MLOpsPython/README.md

### Author: | Praneet Singh Solanki | Richin Jain |

# DevOps for AI

[![Build Status](https://dev.azure.com/customai/DevopsForAI-AML/_apis/build/status/Microsoft.DevOpsForAI?branchName=master)](https://dev.azure.com/customai/DevopsForAI-AML/_build/latest?definitionId=1&branchName=master)


DevOps for AI will help you to understand how to build the Continuous Integration and Continuous Delivery pipeline for a ML/AI project. We will be using the Azure DevOps Project for build and release/deployment pipelines along with Azure ML services for model retraining pipeline, model management and operationalization. 

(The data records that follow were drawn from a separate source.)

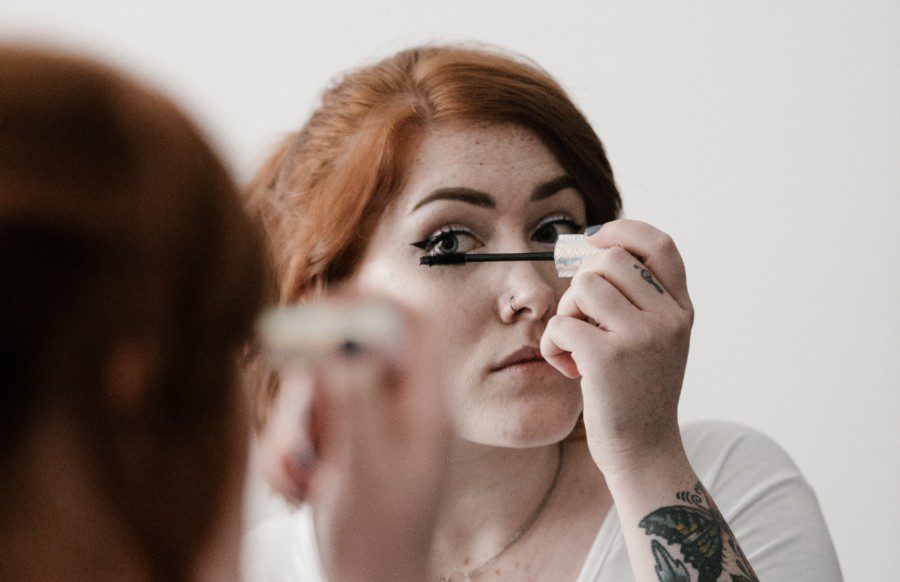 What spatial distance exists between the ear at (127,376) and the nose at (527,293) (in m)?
0.53

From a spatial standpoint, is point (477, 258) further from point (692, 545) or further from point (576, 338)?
point (692, 545)

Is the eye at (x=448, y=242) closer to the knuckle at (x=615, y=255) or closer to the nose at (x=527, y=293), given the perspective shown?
the nose at (x=527, y=293)

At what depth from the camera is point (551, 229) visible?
891 millimetres

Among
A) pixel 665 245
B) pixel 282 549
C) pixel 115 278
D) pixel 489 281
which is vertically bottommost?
pixel 282 549

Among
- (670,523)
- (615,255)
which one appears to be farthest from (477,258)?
(670,523)

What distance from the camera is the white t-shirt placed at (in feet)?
2.86

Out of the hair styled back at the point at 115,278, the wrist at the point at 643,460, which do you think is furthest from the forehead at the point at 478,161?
the hair styled back at the point at 115,278

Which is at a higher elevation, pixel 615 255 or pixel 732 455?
pixel 615 255

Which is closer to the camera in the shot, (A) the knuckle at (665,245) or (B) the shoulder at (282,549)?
(A) the knuckle at (665,245)

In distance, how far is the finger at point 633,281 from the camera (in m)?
0.70

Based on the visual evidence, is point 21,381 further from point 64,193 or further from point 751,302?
point 751,302

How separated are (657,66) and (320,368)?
751 mm

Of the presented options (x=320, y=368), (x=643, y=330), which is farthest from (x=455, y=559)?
(x=643, y=330)

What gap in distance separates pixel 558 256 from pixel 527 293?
0.07 metres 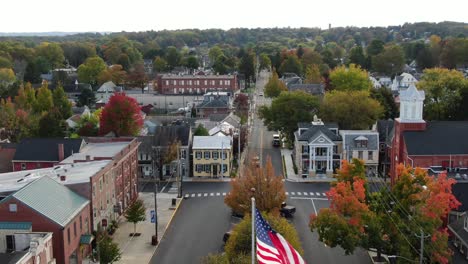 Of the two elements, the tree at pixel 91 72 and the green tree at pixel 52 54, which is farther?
the green tree at pixel 52 54

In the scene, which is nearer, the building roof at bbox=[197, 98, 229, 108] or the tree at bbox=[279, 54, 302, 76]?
the building roof at bbox=[197, 98, 229, 108]

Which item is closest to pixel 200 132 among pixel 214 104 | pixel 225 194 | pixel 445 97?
pixel 225 194

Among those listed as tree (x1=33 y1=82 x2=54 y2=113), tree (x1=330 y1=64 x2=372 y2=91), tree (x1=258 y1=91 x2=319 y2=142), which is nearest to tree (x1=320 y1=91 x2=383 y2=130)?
tree (x1=258 y1=91 x2=319 y2=142)

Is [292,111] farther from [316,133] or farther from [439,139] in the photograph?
[439,139]

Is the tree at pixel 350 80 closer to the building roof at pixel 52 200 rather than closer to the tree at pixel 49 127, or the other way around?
the tree at pixel 49 127

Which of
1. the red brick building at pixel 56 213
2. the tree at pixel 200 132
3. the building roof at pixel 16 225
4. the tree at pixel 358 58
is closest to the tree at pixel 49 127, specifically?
the tree at pixel 200 132

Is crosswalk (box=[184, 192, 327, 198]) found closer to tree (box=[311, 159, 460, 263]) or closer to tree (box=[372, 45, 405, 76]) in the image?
tree (box=[311, 159, 460, 263]) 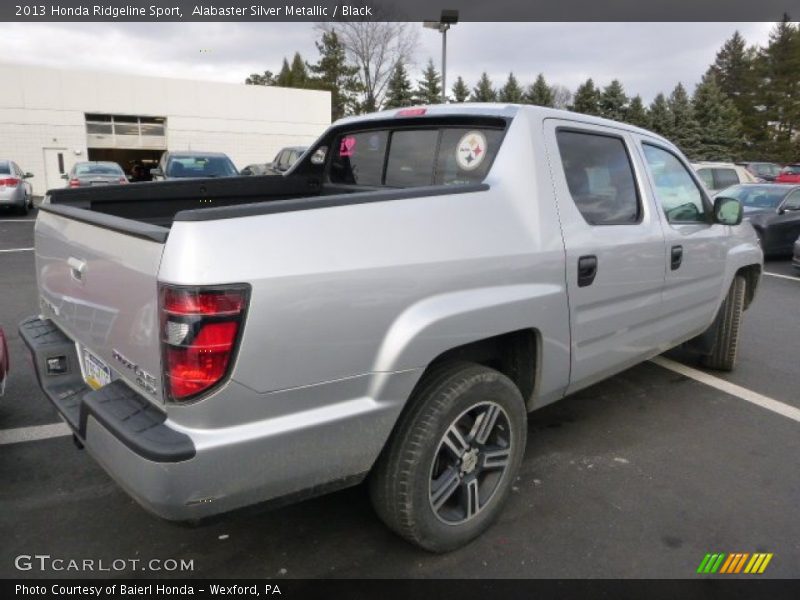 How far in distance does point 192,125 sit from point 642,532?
34260mm

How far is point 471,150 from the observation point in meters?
3.06

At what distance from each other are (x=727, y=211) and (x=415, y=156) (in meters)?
2.28

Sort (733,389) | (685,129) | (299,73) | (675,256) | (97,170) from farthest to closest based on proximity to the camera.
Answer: (299,73) → (685,129) → (97,170) → (733,389) → (675,256)

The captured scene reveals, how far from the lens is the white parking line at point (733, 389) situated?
430cm

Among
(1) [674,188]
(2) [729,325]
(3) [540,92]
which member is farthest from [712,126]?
(1) [674,188]

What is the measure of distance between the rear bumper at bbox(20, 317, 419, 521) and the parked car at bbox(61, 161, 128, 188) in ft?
48.0

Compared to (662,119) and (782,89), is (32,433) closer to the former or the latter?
(662,119)

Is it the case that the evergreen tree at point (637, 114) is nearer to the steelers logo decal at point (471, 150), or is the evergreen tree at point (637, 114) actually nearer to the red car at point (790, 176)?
the red car at point (790, 176)

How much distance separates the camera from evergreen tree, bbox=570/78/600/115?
4741cm

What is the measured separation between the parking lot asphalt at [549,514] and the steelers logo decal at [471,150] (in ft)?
5.59

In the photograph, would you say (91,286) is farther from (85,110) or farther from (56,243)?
(85,110)

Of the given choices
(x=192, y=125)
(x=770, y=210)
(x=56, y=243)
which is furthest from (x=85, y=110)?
(x=56, y=243)

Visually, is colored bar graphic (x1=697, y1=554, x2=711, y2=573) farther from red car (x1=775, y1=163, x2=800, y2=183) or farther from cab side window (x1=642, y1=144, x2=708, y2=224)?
red car (x1=775, y1=163, x2=800, y2=183)

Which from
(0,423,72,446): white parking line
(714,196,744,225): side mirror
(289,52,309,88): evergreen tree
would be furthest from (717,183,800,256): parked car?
(289,52,309,88): evergreen tree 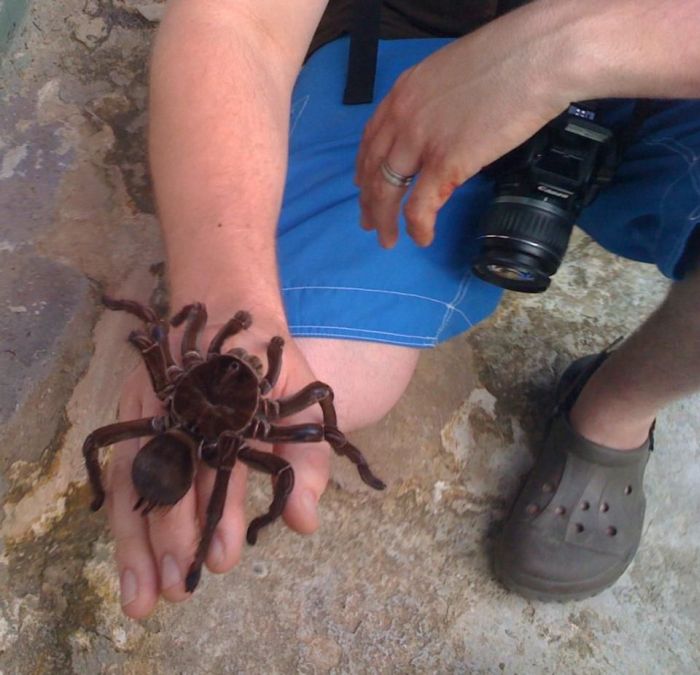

This template contains code and pipeline definition for a machine learning project demonstrating how to automate the end to end ML/AI project. The build pipelines include DevOps tasks for data sanity test, unit test, model training on different compute targets, model version management, model evaluation/model selection, model deployment as realtime web service, staged deployment to QA/prod and integration testing.


## Prerequisite
- Active Azure subscription
- At least contributor access to Azure subscription

## Getting Started:

To deploy this solution in your subscription, follow the manual instructions in the [getting started](docs/getting_started.md) doc


## Architecture Diagram

This reference architecture shows how to implement continuous integration (CI), continuous delivery (CD), and retraining pipeline for an AI application using Azure DevOps and Azure Machine Learning. The solution is built on the scikit-learn diabetes dataset but can be easily adapted for any AI scenario and other popular build systems such as Jenkins and Travis. 

![Architecture](/docs/images/Architecture_DevOps_AI.png)


## Architecture Flow

1. Data Scientist writes/updates the code and push it to git repo. This triggers the Azure DevOps build pipeline (continuous integration).
2. Once the Azure DevOps build pipeline is triggered, it runs following type of tasks:
    - Run for new code: Every time new code is committed to the repo, build pipeline performs data sanity test and unit tests the new code.

    - One-time run: These tasks run only for the first time that the build pipeline runs. They will programatically create an [Azure ML Service Workspace](https://docs.microsoft.com/en-us/azure/machine-learning/service/concept-azure-machine-learning-architecture#workspace), provision [Azure ML Compute](https://docs.microsoft.com/en-us/azure/machine-learning/service/how-to-set-up-training-targets#amlcompute) (used for model training compute), and publish an [Azure ML Pipeline](https://docs.microsoft.com/en-us/azure/machine-learning/service/concept-ml-pipelines). This published Azure ML pipeline is the model training/retraining pipeline.

    > Note: The task Publish Azure ML pipeline currently runs for every code change`

3. The Azure ML Retraining pipeline is triggered once the Azure DevOps build pipeline completes. All the tasks in this pipeline runs on Azure ML Compute created earlier. Following are the tasks in this pipeline:

    - **Train Model** task executes model training script on Azure ML Compute. It outputs a [model](https://docs.microsoft.com/en-us/azure/machine-learning/service/concept-azure-machine-learning-architecture#model) file which is stored in the [run history](https://docs.microsoft.com/en-us/azure/machine-learning/service/concept-azure-machine-learning-architecture#run).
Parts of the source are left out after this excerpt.